**What you need to do**
When the line with "Properly Tied Boys" turns up below, begin repeating exactly, and carry on through the line with "Living Room Curtains"; no pictures go into the copy.

**Dataset extract**
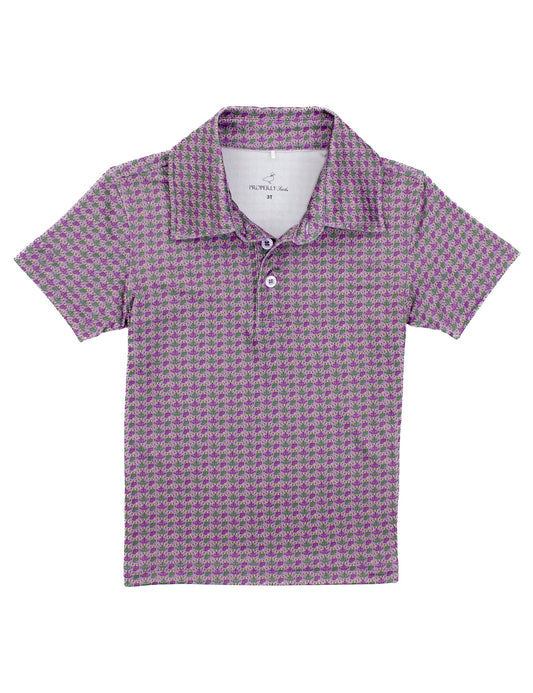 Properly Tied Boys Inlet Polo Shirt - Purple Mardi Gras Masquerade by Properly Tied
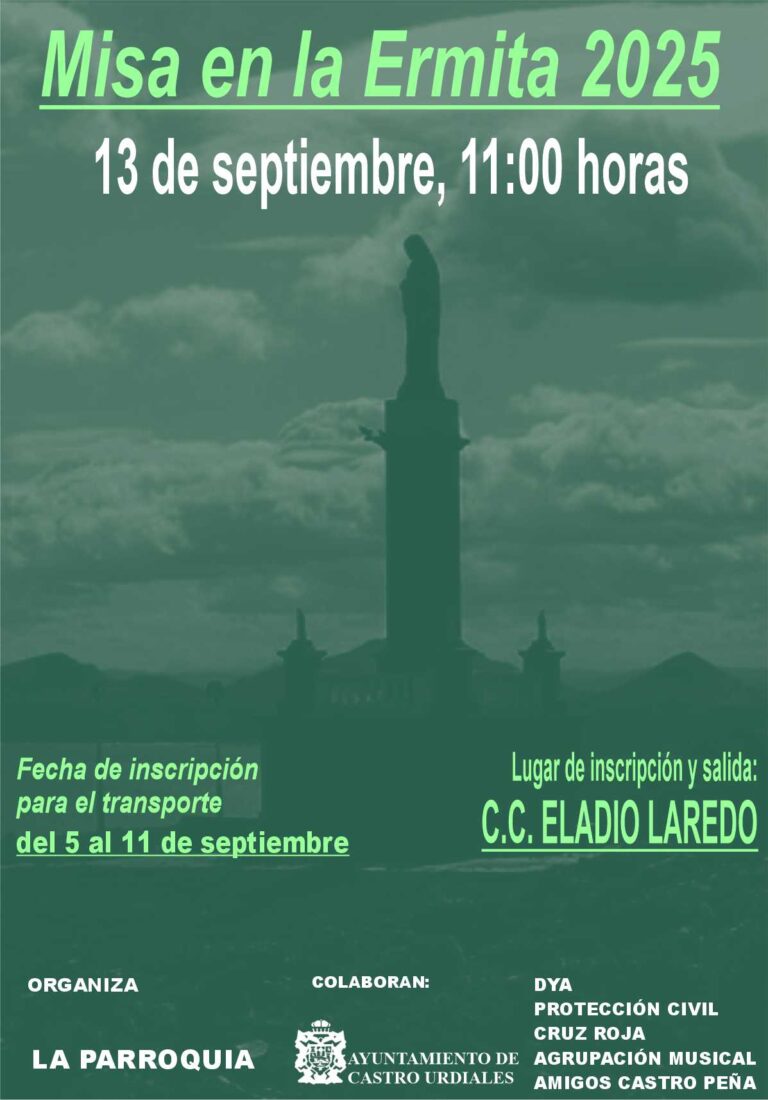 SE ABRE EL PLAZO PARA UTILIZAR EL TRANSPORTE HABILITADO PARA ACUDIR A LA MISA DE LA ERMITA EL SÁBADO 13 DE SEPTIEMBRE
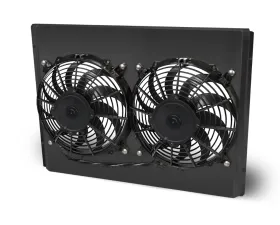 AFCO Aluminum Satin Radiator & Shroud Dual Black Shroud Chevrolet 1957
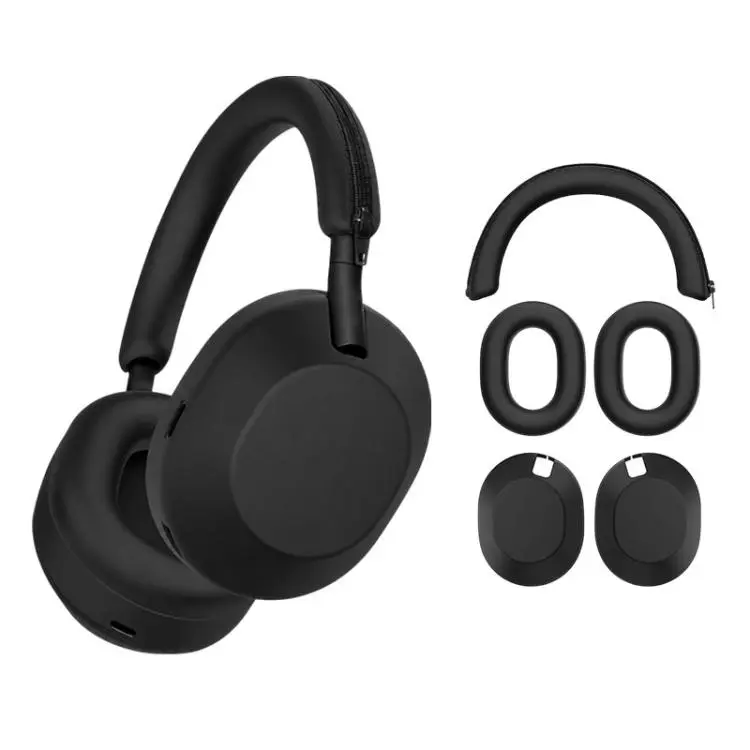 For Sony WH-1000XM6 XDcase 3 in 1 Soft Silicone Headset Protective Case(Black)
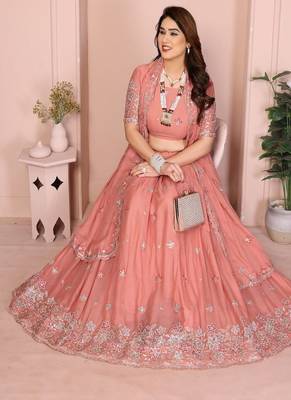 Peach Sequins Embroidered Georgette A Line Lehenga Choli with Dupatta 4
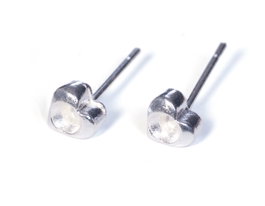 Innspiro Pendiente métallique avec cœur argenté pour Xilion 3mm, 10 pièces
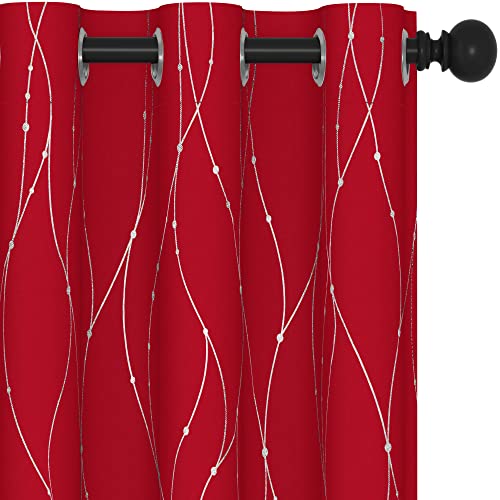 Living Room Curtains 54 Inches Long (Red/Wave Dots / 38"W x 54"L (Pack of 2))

==

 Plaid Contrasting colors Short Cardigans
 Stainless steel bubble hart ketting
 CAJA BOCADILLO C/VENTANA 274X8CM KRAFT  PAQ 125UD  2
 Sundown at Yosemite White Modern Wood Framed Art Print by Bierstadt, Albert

* * *

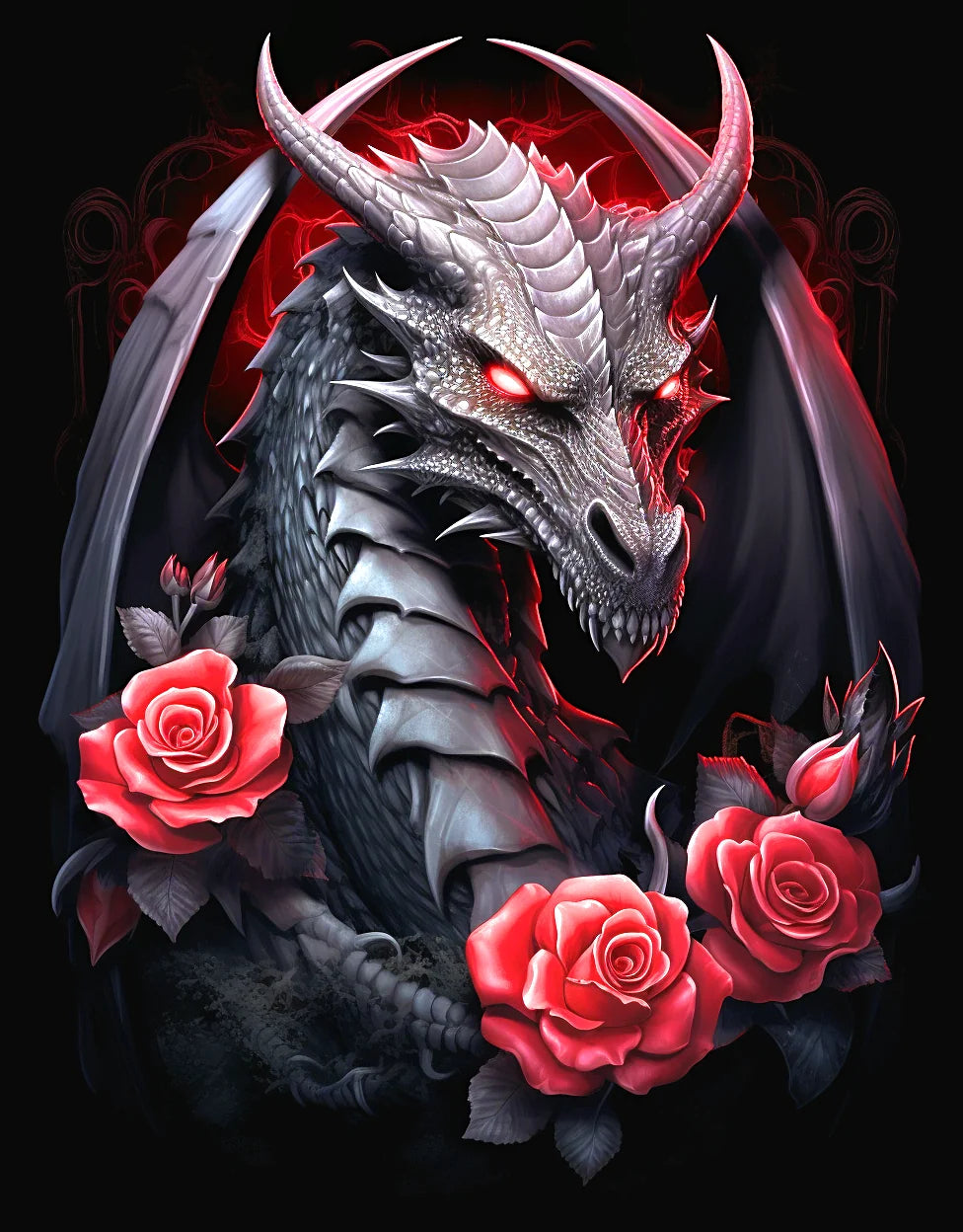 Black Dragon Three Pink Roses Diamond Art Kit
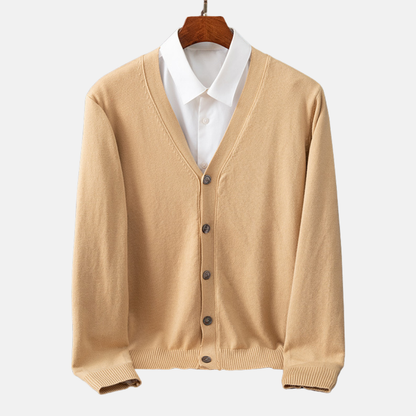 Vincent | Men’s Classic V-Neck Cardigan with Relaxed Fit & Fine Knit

**Answer area**
 Properly Tied Boys Inlet Polo Shirt - Purple Mardi Gras Masquerade by Properly Tied
 SE ABRE EL PLAZO PARA UTILIZAR EL TRANSPORTE HABILITADO PARA ACUDIR A LA MISA DE LA ERMITA EL SÁBADO 13 DE SEPTIEMBRE
 AFCO Aluminum Satin Radiator & Shroud Dual Black Shroud Chevrolet 1957
 For Sony WH-1000XM6 XDcase 3 in 1 Soft Silicone Headset Protective Case(Black)
 Peach Sequins Embroidered Georgette A Line Lehenga Choli with Dupatta 4
 Innspiro Pendiente métallique avec cœur argenté pour Xilion 3mm, 10 pièces
 Living Room Curtains 54 Inches Long (Red/Wave Dots / 38"W x 54"L (Pack of 2))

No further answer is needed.